What is being asked. The line holding "PA license plate JPI5012" is the last one to output; start at the first line of the data, keep every line in between exactly, and leave out pictures.

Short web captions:

+--

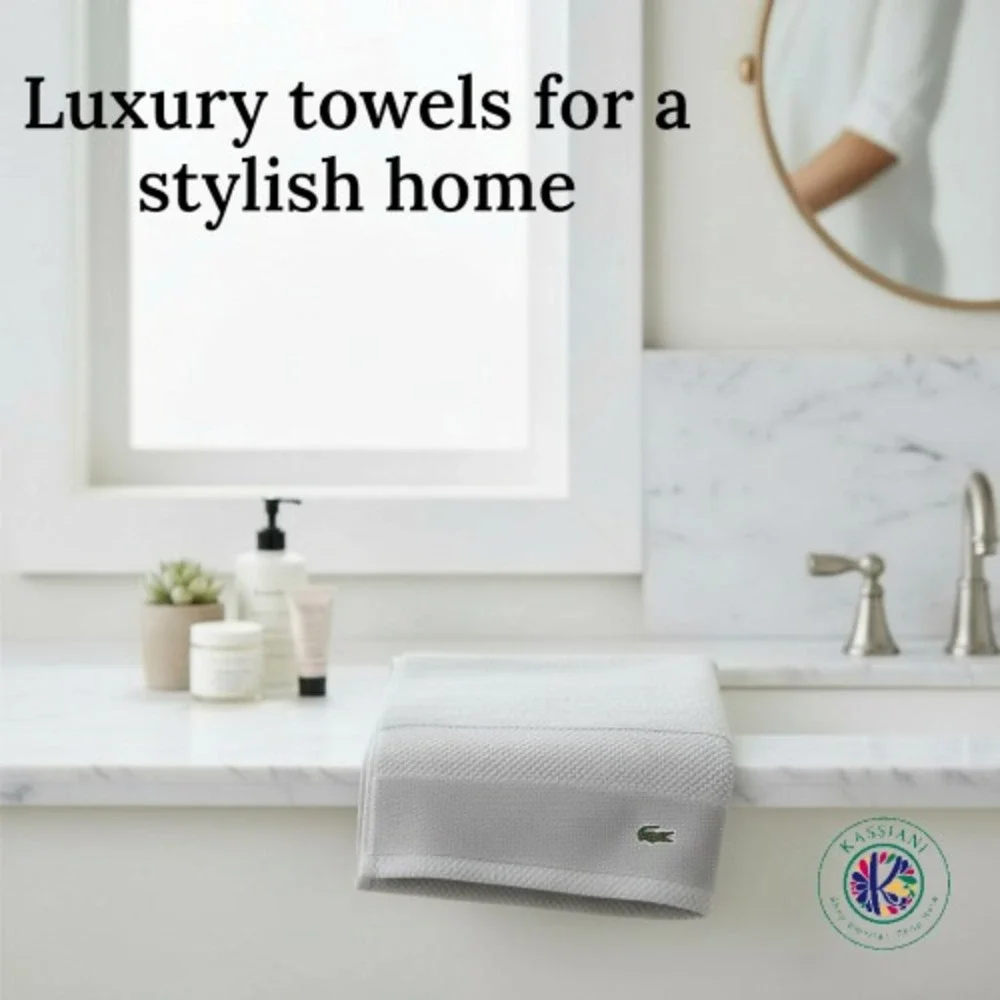 Lacoste Supima Cotton Hand Towels, Heritage Micro‎ Chip, Luxury 2 Pack, 16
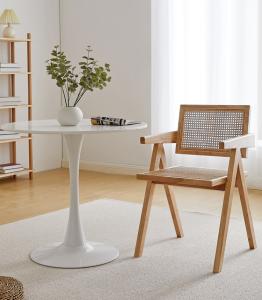 China Nordic Rattan Dining Chair Cherry Wood Rattan Lazy Chair wholesale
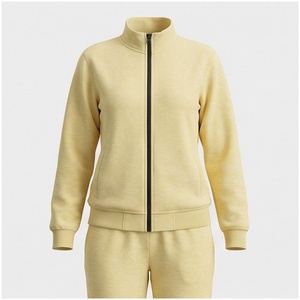 <b>Women's</b> Solid Color Full Zip Stand Collar Tracksuit <b>Jacket</b> With Side Pockets Breathable Casual Autumn Wear 100% Cotton Midweight - Product Image 1
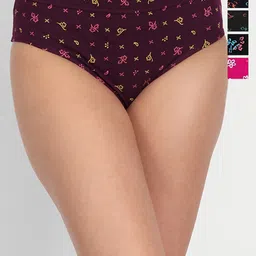 T.T. Pearl Pure Cotton Pack Of 5 Assorted Floral Printed Anti Microbial Basic Briefs-8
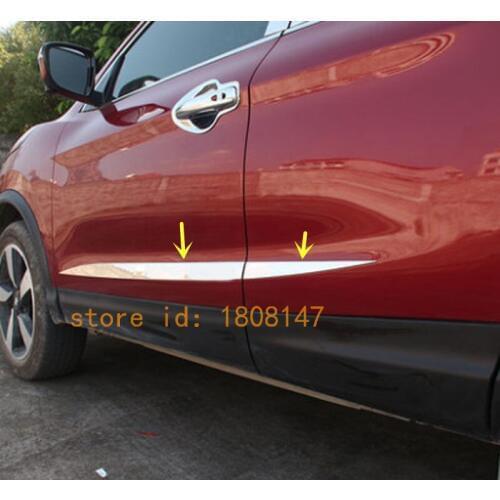 Car style stainless steel Side Door Body trim stick Strip Molding Stream lamp panel bumper For Nissan Qashqai j11 2016 2017 2018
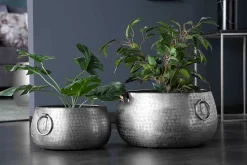 Handgefertigte Schalen 2er Set ORIENT silber Blumentopf im Hammerschlagdesign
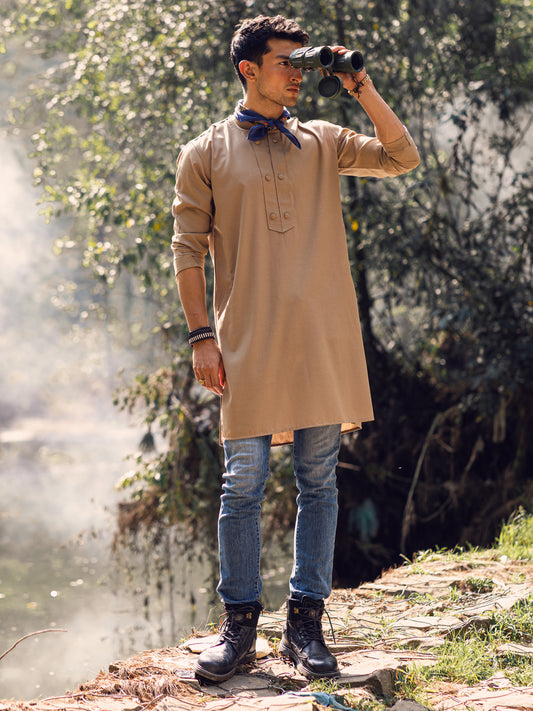 Sand Brown Blended Kurta - AL-K-1143B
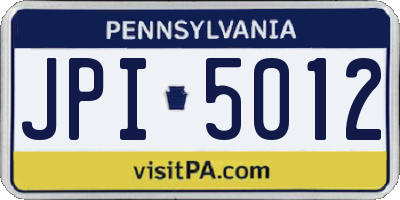 PA license plate JPI5012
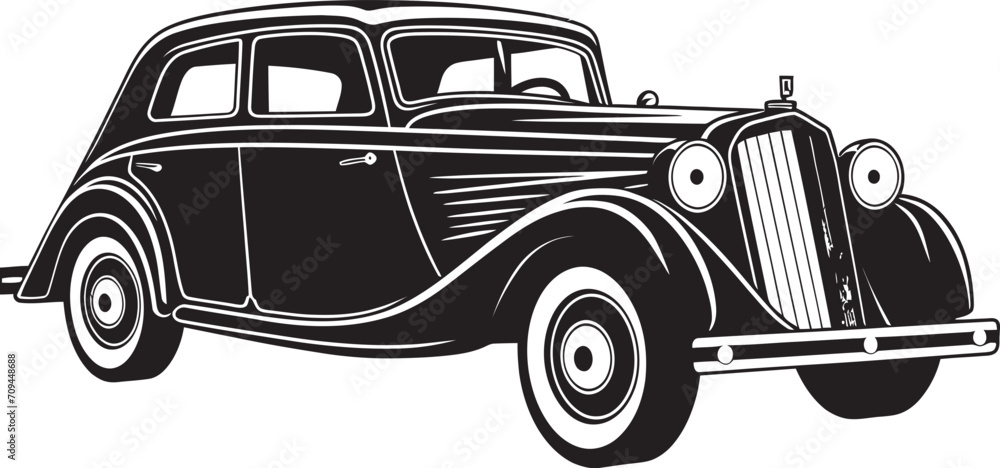 Antique Auto Elegance Sleek Black Icon Design for Timeless Cars 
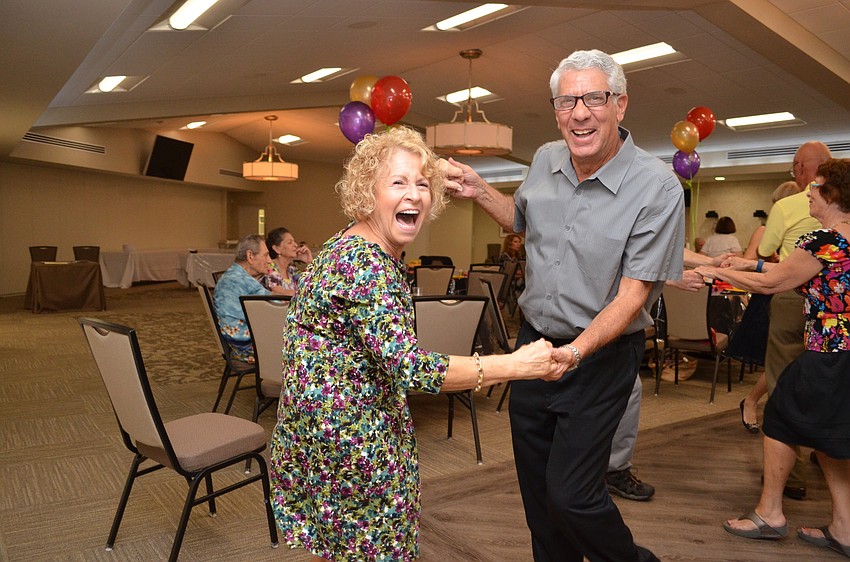 Paula Hayden and Barry Gerber follow each other's lead on the dance floor.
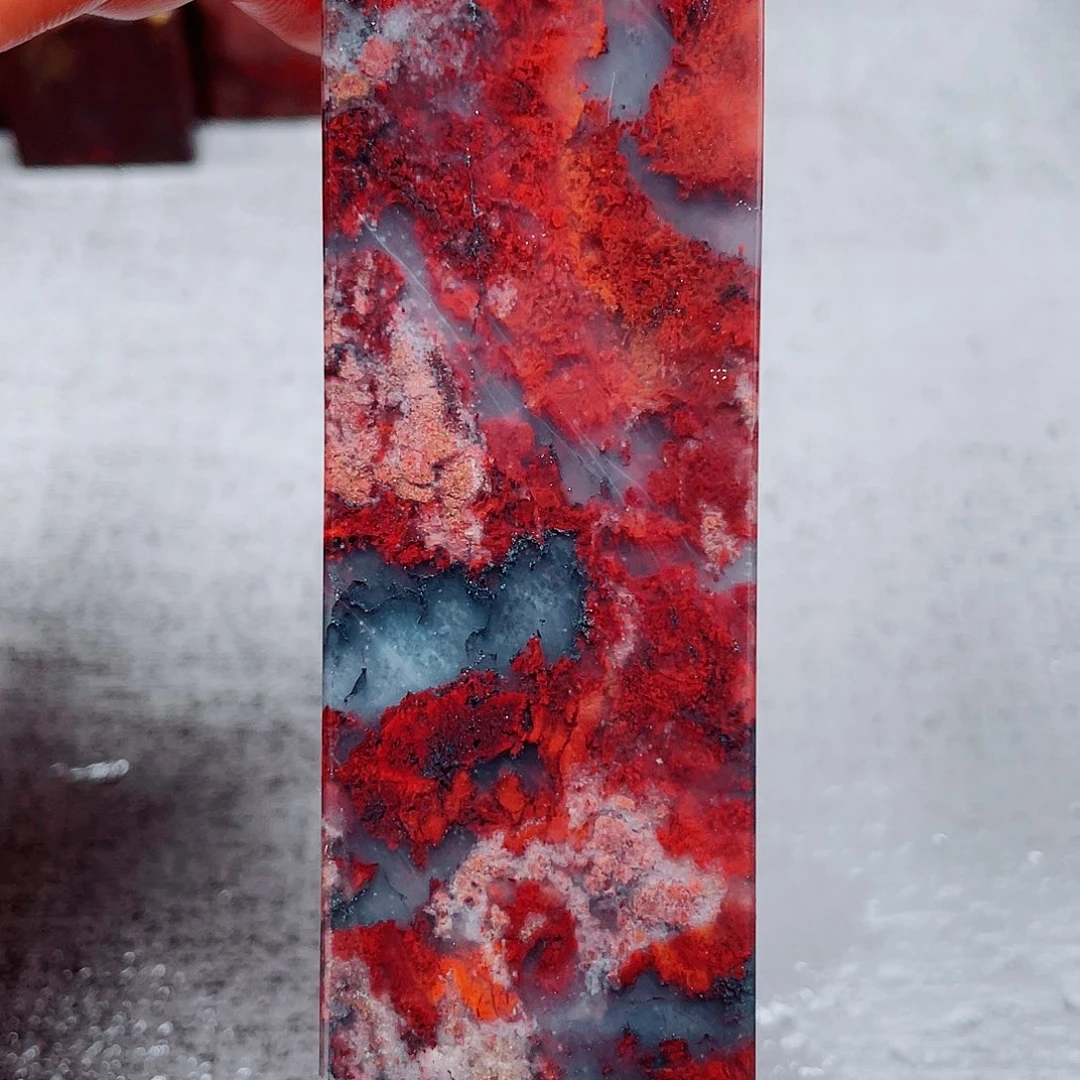 玉桂林鸡血玉印章镇尺25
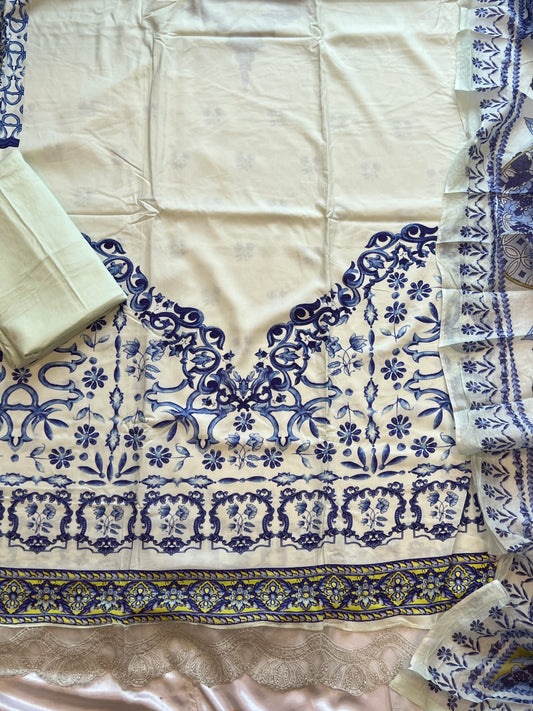 LIGHT GREEN LUXE SOFT COTTON EMBROIDER SUIT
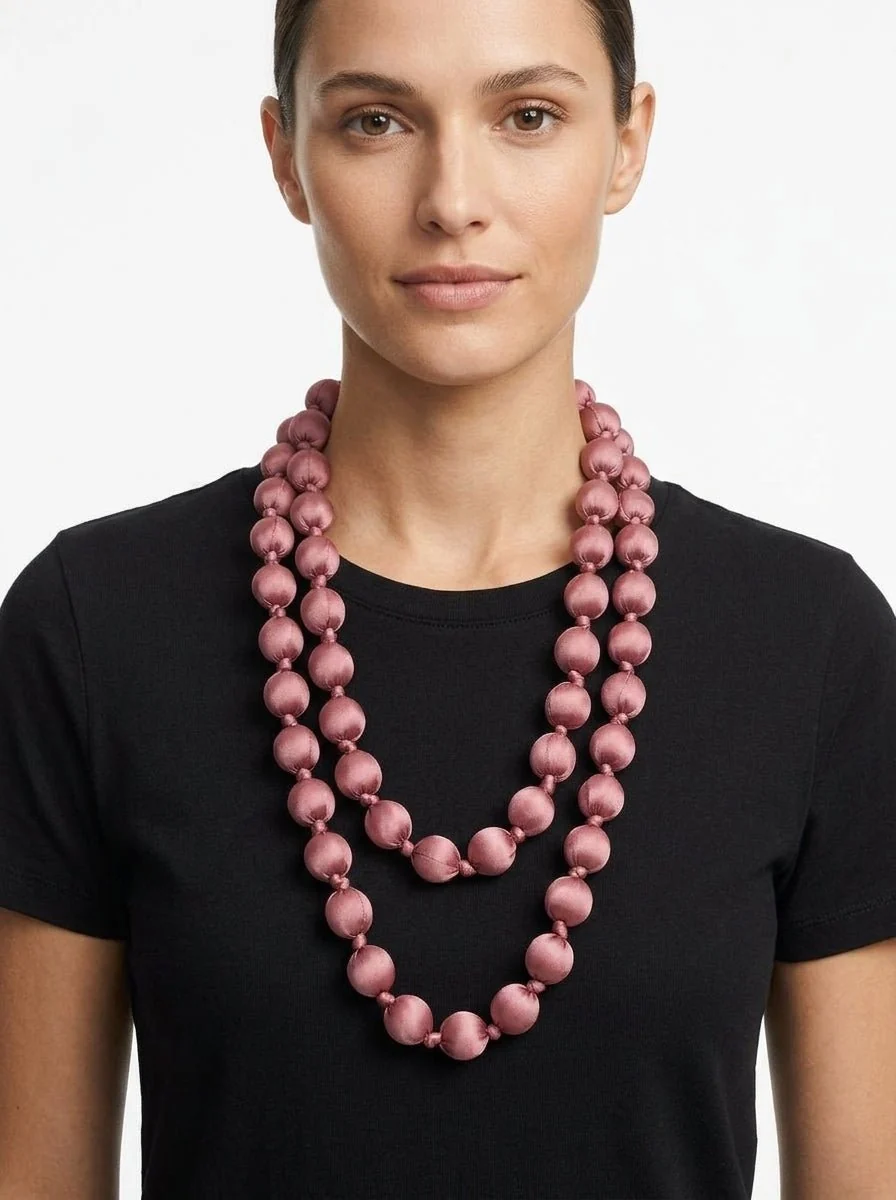 Collar il Baco Da Seta Maxi Bolas Seda Buganvilla - Imagen 2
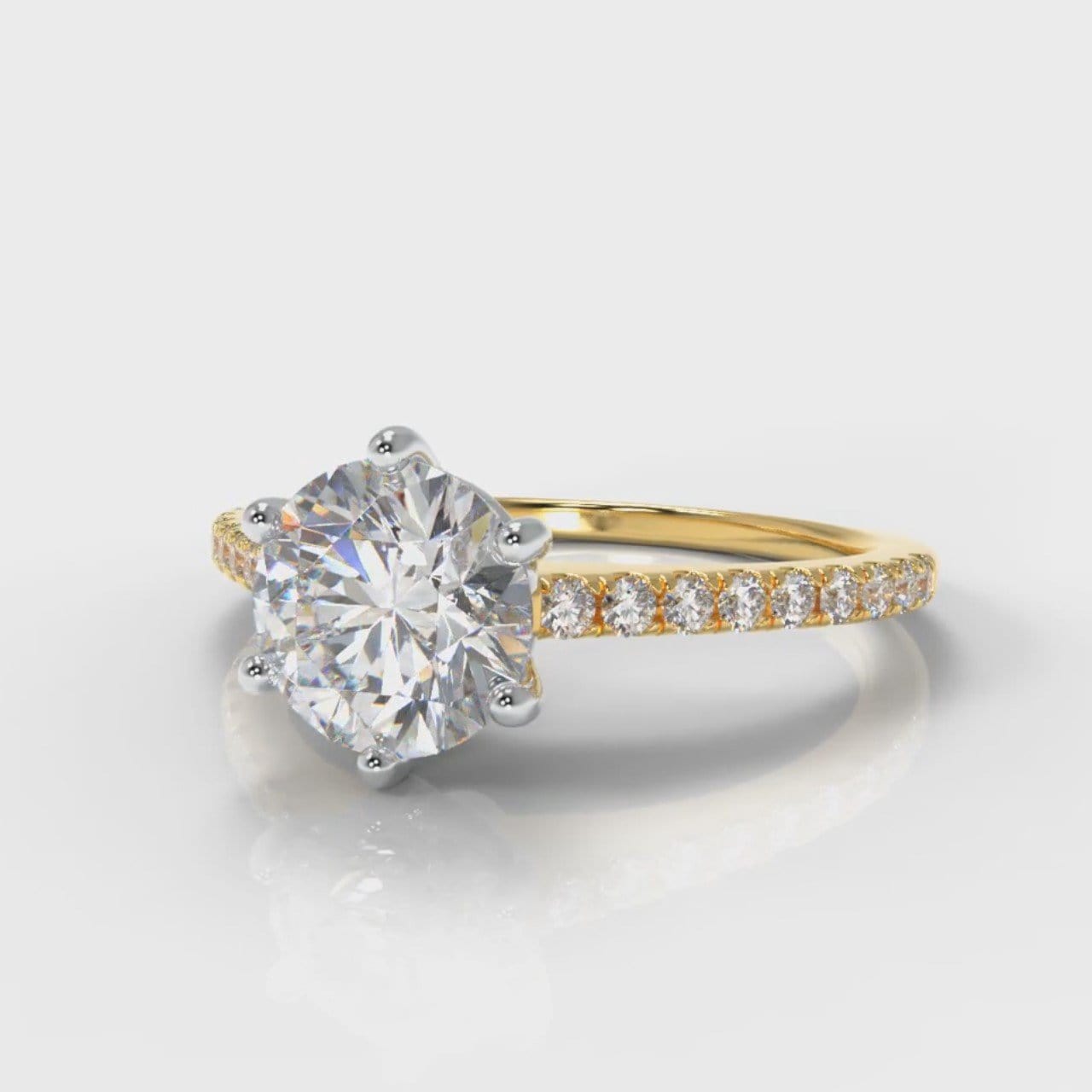 Star Petite Micropavé Round Brilliant Cut Diamond Engagement Ring - Yellow Gold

+--

Completed task.
 Lacoste Supima Cotton Hand Towels, Heritage Micro‎ Chip, Luxury 2 Pack, 16
 China Nordic Rattan Dining Chair Cherry Wood Rattan Lazy Chair wholesale
 <b>Women's</b> Solid Color Full Zip Stand Collar Tracksuit <b>Jacket</b> With Side Pockets Breathable Casual Autumn Wear 100% Cotton Midweight - Product Image 1
 T.T. Pearl Pure Cotton Pack Of 5 Assorted Floral Printed Anti Microbial Basic Briefs-8
 Car style stainless steel Side Door Body trim stick Strip Molding Stream lamp panel bumper For Nissan Qashqai j11 2016 2017 2018
 Handgefertigte Schalen 2er Set ORIENT silber Blumentopf im Hammerschlagdesign
 Sand Brown Blended Kurta - AL-K-1143B
 PA license plate JPI5012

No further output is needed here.